YOUR INSTRUCTIONS -
An exact copy of the listing below is the answer, with the pictures removed.

INFORMATION SHOWN -
───

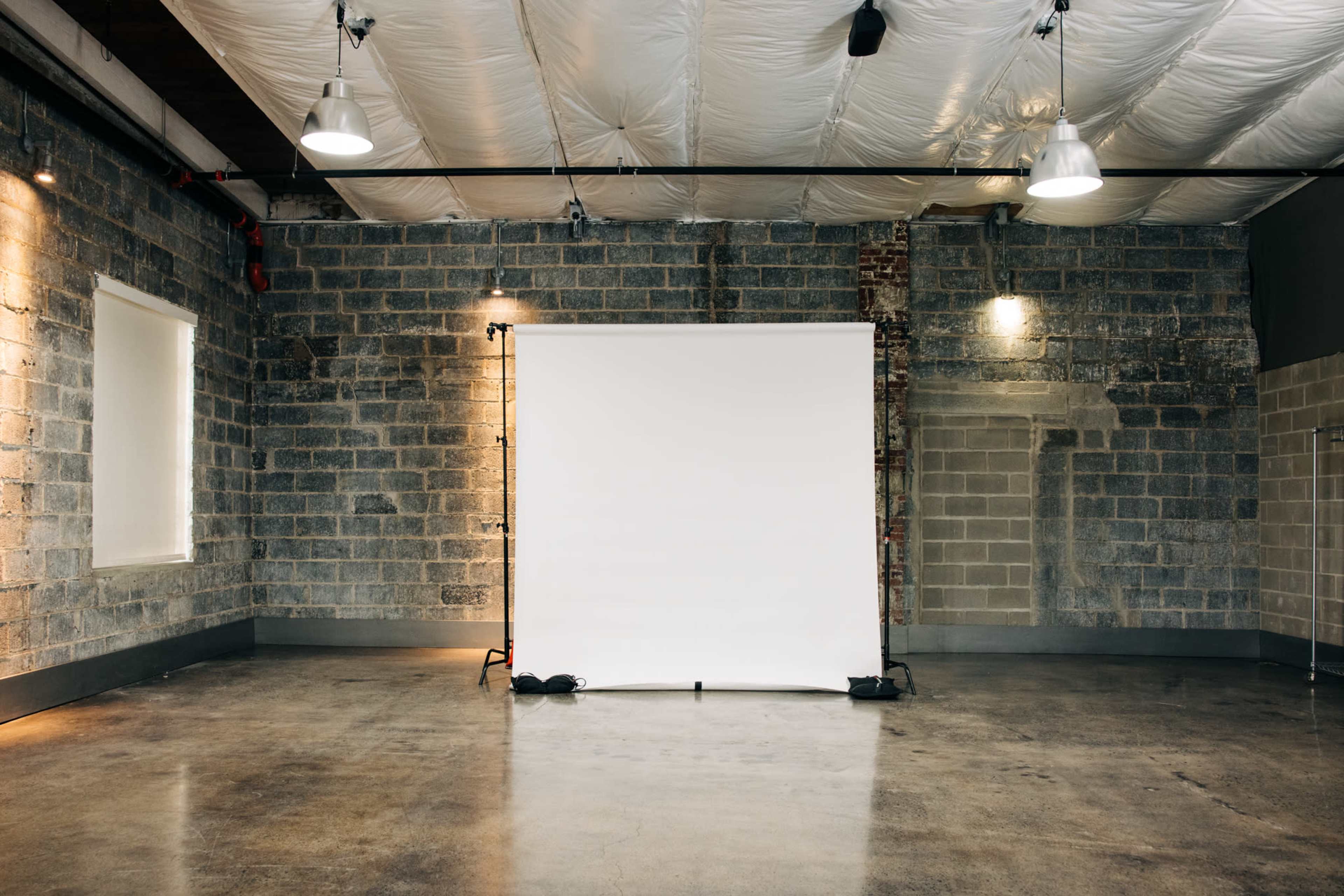 The image shows an empty industrial-style room with exposed brick walls and a large white backdrop in the center.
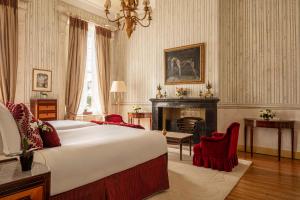 a bedroom with a large bed and a fireplace at Tivoli Palácio de Seteais Sintra Hotel - The Leading Hotels of the World in Sintra
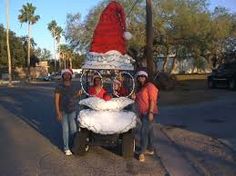 three people pose in front of a giant santa clause on the side of the road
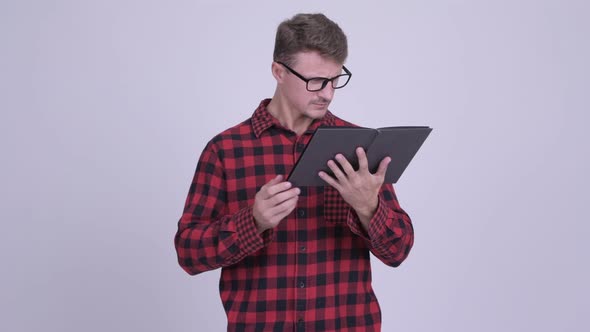 Handsome Bearded Hipster Man Reading Book with Magnifying Glass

───

TASK RESPONSE -
 The image shows an empty industrial-style room with exposed brick walls and a large white backdrop in the center.
 a bedroom with a large bed and a fireplace at Tivoli Palácio de Seteais Sintra Hotel - The Leading Hotels of the World in Sintra
 three people pose in front of a giant santa clause on the side of the road
 Handsome Bearded Hipster Man Reading Book with Magnifying Glass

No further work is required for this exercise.